Long silence in some recordings... Solution pre-trimming?

bozden · September 19, 2021, 3:24pm

This mostly happens on longer sentences. Probably, people hit the record button and then read the sentence silently, before actually speaking it. This results a long silence (like 10 sec) in front of the clip.

People who are validating these clips would most possibly think that the recording is empty and hit NO button.

Is it possible pre-process the recordings to trim out the silent parts before pushing them to the listen queue? I saw a normalization request in github too…

ftyers · September 20, 2021, 4:03am

This is currently not possible and would be difficult to engineer, even basic splitting based on noise would be fairly processor intensive and not necessarily reliable (e.g. it might have deleterious effects on clips that don’t have silence in). It’s not just a matter of fixing clips with silence, but also about potentially harming clips without silence. It would also be difficult to tune properly.

This is one issue that discusses it and this one too (for reference).

I think it’s worthwhile keeping the issue open though. In principle these clips could be recovered by dataset engineers after the fact by mining/processing the invalidated clips to find ones that are incorrectly marked as invalid.

bozden · September 20, 2021, 8:01am

Thank you for the info and pointers

The blank clip detection in the links is also important, I can never be sure if it is not because of my current connection (low bandwidth mobile data).

robovoice · October 22, 2021, 8:18pm

Maybe this request “convince” the contributer to re-record after hearing his own clip(s)

https://github.com/common-voice/common-voice/issues/3304

Razmik-Badalyan · October 2, 2022, 8:13am

Just to clarify, it’s ok if the recording has a long silence on either end of it, right?
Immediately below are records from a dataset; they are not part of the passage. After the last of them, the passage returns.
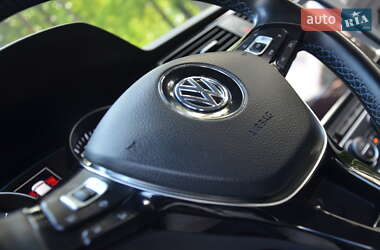 Хетчбек Volkswagen e-Golf 2020 в 
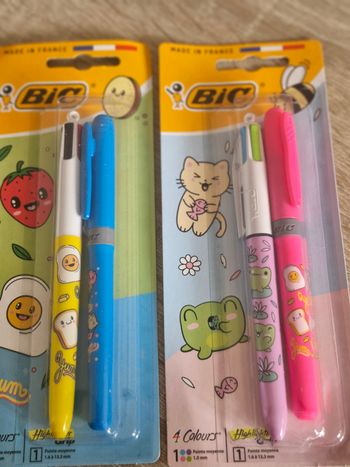 2 stylos 4 couleurs Bic et 2 surlig’eurs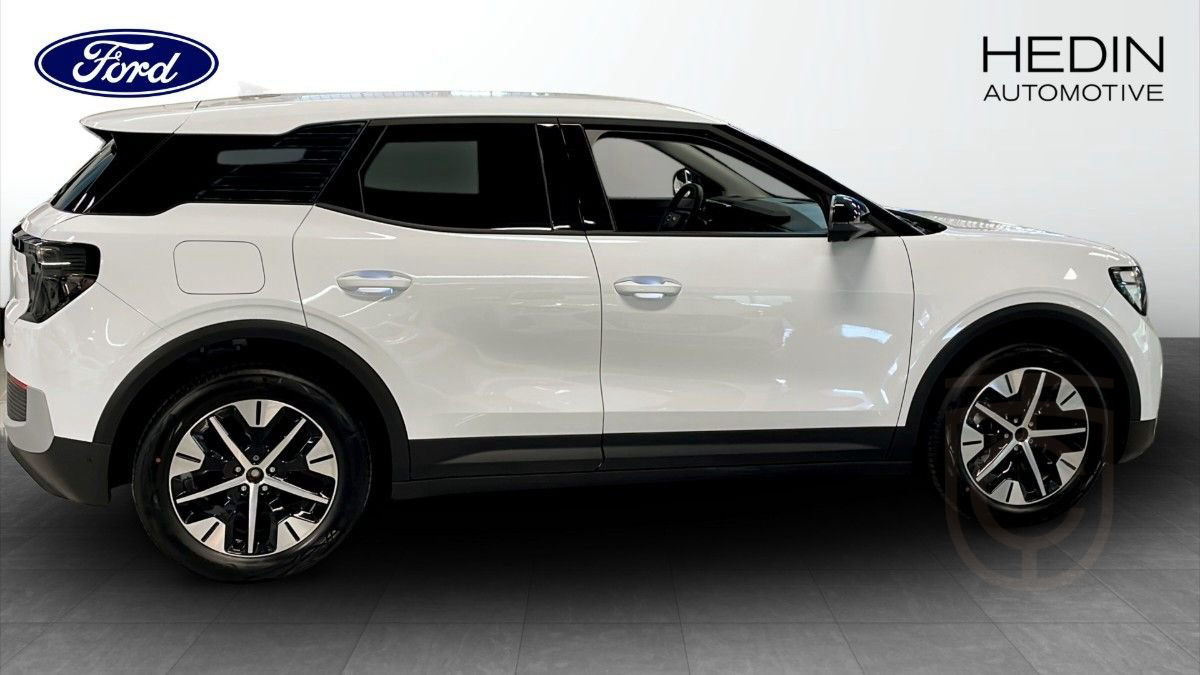 Ford Explorer LONG RANGE RWD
I have encountered a few of these and had given thumbs down. But reading this thread it seems to be ok if a recording has silent parts.

bozden · October 2, 2022, 12:10pm

Except the possibility of rejection as the original post suggests, there is only a minor side effect: Unnecessarily enlarging the data (validated hours, file sizes) or statistics (average seconds per sentence or voice etc).

So, they are OK if they fit other criteria…